It’s expensive to produce a special concert, and it’s thanks to major funding from the World Religion Foundation that tickets are priced at an affordable $10. Others providing funds include the African American Community Fund, Ohio Arts Council, National Endowment for the Arts, Sisters of the Precious Blood, University of Dayton and individuals contributors.
The Jewish Federation of Greater Dayton was asked help find a way to maximize an opportunity when people of many different backgrounds were already coming together. “We opted to host a dinner for all the concert’s participants on the evening of one of their rehearsals and invite a speaker to discuss her experiences working to improve the world by collaborating with diverse coalitions of people,” says Rabbi Ari Ballaban. “We invited Desiré Bennett, a United State of Woman ambassador, who has worked with the Cincinnati YWCA and was instrumental in forming the Cincinnati Regional Coalition Against Hate.”
Singers weigh in
Anna Biesecker-Mast, a first-year student in UD’s Discover Arts program, says rehearsing with other choirs has increased her anticipation of the upcoming event. “At the rehearsal, we were encouraged to sit next to someone from other choir and doing that enlivened and inspired my singing in new ways,” she says. “There I was in the basement of St. Mary’s Catholic Church, surrounded by people I had never met and I knew nothing of their lives. Yet we were still able to come together and sing beautiful songs about doing just that. It was a lovely and memorable experience.”
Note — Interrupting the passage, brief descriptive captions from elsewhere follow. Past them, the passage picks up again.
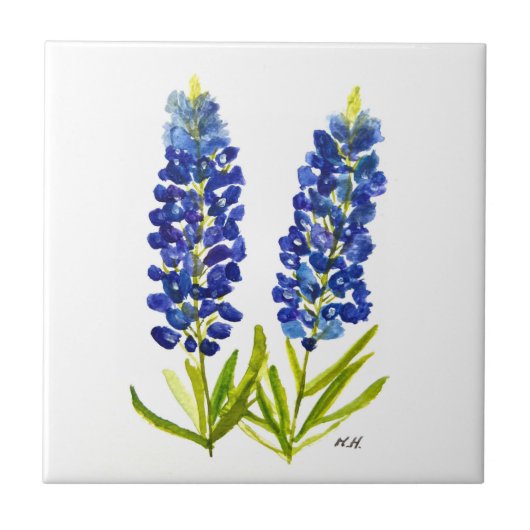 Bluebonnets Texas State Flowers Lupine Waterverf Tegeltje (Voorkant)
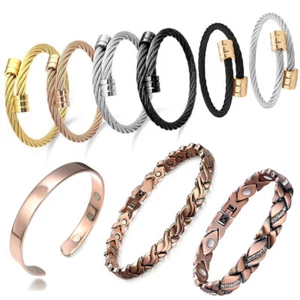 Women Therapeutic Power Magnetic Bracelet Therapy Arthritis Jewelry Mother's Day - Picture 1 of 51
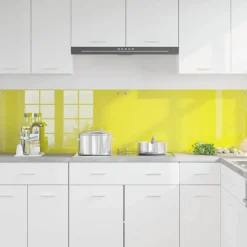 vidaXL Køkkenbacksplash 2 pcs Gul 100 x 50 cm hærdet glas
Greenberg says the project has been a wonderful opportunity for her and the other the members of her chorale to get to know others in our community who share a common love for music. “Our world is a mess right now, with acts of hatred and bigotry happening on a nearly daily basis around the world,” she says. “I see this musical collaboration as a glimmer of hope for the future of humanity. The more we can learn from one another and respect each other’s differences, the better chance there is for us to make a positive impact in this crazy world in which we live.”